También inquieta constatar en Alemania el fortalecimiento de las tendencias derechistas visibles en toda Europa. Hasta hace poco, los principales partidos de la Europa Continental lideraron un cómodo consenso sobre los méritos de la integración europea, que incluye fronteras abiertas, libre comercio y una moneda común. Ese consenso enfrenta hoy el desafío de ciudadanos insatisfechos con los resultados percibidos.
Muchos se quejan de la soberanía supuestamente cedida a Bruselas y al propio Berlín. El creciente descontento con las olas migratorias musulmanas también pone a la Unión en el papel de villano y los grupos de derecha la responsabilizan del descontrol de las fronteras.
La mezcla de esos elementos ha sido aprovechada por movimientos extremistas en Austria, donde el populista Partido de la Libertad estuvo a milímetros de designar al nuevo presidente; en Eslovaquia, donde una agrupación xenófoba, que aplaude la colaboración con los nazis en la Segunda Guerra Mundial, obtuvo sus primeros puestos en el Parlamento; en Polonia, donde un exroquero atrajo masas de simpatizantes con sus consignas antidemocráticas y en Hungría, donde el autoritarismo de Viktor Orban se hace cada vez más evidente.
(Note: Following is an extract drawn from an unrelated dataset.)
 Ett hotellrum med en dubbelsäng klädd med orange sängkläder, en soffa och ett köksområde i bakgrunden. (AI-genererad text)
La ola extremista también se manifiesta en Francia, con el Frente Nacional de Marine Le Pen y en Holanda, con el Partido de la Libertad del polémico Geert Wilders. En Alemania, las filas de la intolerancia vienen creciendo desde que el país sintió los primeros impactos de la crisis migratoria y ahora se manifiesta en el propio patio de la canciller.
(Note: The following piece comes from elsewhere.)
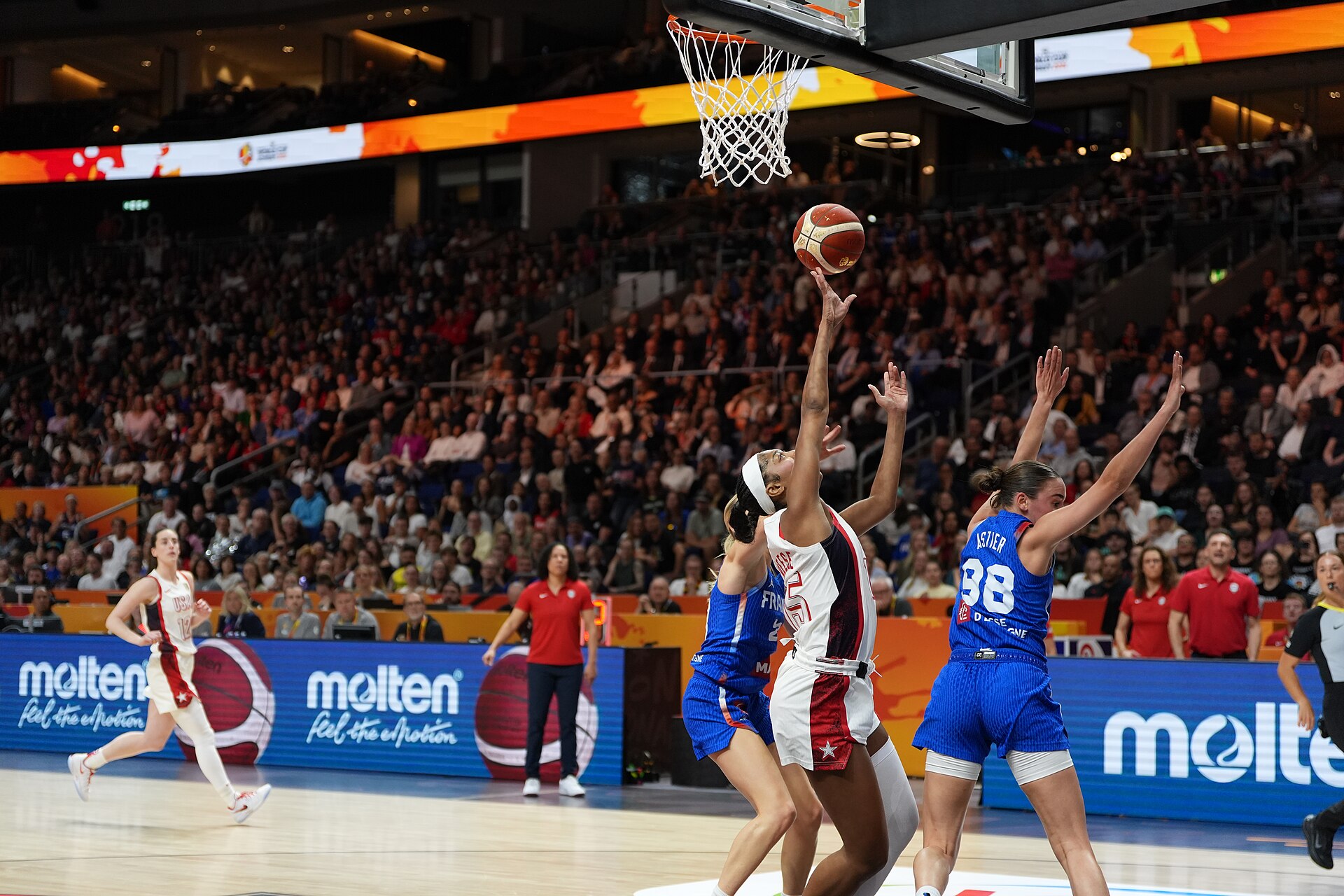 Angel Reese finishes at the rim for the United States against France at the FIBA World Cup in September 2026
Los sentimientos que impelen el rápido crecimiento del descontento incluyen la caracterización de Alemania como colonia gobernada por Estados Unidos y la pérdida de identidad pero, sobre todo, se nutren del rechazo a la inmigración, como en las naciones vecinas.
En esos países, donde partidos afines ya han conseguido números significativos en los parlamentos y hasta control del ejecutivo, las transformaciones no se han hecho esperar. En Austria está a punto de adoptarse un decreto de emergencia que frenaría la concesión de asilos. Polonia estudia una medida similar. Hungría ya cerró su frontera. En Gran Bretaña hay quienes exigen la erección de un muro de cuatro metros de altura y un kilómetro de largo frente al puerto francés de Calais para evitar el ingreso de los migrantes.
Cada día, la geografía europea se torna más hostil y aumentan los controles y frenos a los migrantes, que se trasladan a otras fronteras vecinas. El número de tales destinos se reduce apresuradamente. Queda un sabor amargo. En todas partes hay descendientes de quienes alguna vez necesitaron huir de la miseria, de guerras y dictaduras. También hay memoria histórica de las tragedias desatadas por el nacionalismo radical en épocas no muy lejanas y existe, por sobre todo, una crisis humanitaria actual y apremiante.